The reason I ask is because it could be argued that a mad person who
doesn't do anything about it is not really controlling.

This one kind of gave me a chuckle. A person that does not "try" to
control perceptions that are their own controlled perceptions is probably
a pretty good candidate for the term "mad" but in the other sense of the
term (ie: insane).

Sometime during the conference, I got the idea that inactivity meant no
control was taking place.

If so then someone was misleading someone. If a controlled perception is
at its' reference value without any action being required then there will
be no action. The way that you would be able to determine that this is
still a "control situation" is through the usual method -- apply the TEST
(try to disturb the CEV).

Has a description been offered for how a collective perception compares
to an individual perception? What would be an example of a collective
perception?

This is just my opinion but I would say that Kent's "virtual reference"
description is absolutely the best description of and explaination for
what is so often called group control or group goals.
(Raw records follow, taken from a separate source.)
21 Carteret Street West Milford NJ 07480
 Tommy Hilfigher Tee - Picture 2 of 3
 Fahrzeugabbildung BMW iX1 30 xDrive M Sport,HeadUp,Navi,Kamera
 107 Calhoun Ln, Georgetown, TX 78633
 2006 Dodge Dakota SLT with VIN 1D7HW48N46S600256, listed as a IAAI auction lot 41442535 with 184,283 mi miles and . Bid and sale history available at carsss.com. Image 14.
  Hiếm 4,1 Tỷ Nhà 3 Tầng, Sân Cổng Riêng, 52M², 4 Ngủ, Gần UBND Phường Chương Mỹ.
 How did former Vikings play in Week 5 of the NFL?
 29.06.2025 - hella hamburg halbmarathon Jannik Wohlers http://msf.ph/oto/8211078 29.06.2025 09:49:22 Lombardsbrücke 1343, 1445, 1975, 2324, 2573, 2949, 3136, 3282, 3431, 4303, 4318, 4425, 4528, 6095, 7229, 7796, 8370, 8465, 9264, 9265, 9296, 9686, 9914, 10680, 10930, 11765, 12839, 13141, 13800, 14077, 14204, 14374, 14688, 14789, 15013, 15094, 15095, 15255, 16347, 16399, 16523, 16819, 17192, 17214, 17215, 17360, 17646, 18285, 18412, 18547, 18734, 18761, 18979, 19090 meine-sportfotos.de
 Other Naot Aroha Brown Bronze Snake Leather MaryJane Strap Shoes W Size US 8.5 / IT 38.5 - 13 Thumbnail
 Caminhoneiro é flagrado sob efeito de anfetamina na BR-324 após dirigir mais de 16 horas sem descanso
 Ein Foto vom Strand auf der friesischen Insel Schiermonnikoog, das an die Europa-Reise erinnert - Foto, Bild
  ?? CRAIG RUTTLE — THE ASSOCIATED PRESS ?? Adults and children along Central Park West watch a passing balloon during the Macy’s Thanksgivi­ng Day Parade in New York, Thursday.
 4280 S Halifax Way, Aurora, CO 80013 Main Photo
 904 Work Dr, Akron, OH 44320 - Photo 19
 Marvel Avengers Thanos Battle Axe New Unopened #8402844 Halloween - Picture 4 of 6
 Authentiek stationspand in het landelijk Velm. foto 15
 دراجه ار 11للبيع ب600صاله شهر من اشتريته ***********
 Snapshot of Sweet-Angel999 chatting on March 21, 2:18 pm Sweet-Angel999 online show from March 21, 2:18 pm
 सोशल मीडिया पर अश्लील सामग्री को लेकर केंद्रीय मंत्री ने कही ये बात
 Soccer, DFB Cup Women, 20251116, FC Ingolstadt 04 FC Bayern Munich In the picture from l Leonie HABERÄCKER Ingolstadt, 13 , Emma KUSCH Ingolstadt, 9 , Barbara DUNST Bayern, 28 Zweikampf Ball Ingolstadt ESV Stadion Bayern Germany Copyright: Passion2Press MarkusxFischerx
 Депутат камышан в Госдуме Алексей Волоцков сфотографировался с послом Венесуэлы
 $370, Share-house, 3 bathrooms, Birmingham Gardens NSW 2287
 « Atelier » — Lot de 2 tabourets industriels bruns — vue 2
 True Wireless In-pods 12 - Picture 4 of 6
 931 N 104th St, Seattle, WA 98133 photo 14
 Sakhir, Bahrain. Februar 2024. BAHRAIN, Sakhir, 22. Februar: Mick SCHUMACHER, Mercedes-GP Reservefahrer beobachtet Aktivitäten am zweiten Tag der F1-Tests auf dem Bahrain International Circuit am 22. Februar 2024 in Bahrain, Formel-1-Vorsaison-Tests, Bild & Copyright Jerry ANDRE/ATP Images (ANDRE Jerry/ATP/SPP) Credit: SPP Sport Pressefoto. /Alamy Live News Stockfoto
... can never be the same, I would argue that it is impossible to have
a collective perception that can be handled the same way as individual
perceptions in the PCT model.

Nice observation! It really isn't handled differently, it is handled as
multiple individual perceptual control systems interacting.

(It is hard enough dealing with one person's hierarchy, let alone the
dynamics between two or more people.)

Yes, I think that it is a rather tough matter to deal with but several
have done some work in this area (I think that Tom Bourbon was one of the
first to do some actual modeling in this area).

And I am sure that some of both your questions and comments are "music"
to more than just my "ears", such as:

I am not denying that there is a perceived "collective conscience.
Perhaps this phenomenon can be viewed in terms of a group of
individuals, rather than some new creation beyond our understanding
and apart from our own collection of perceptions and wants?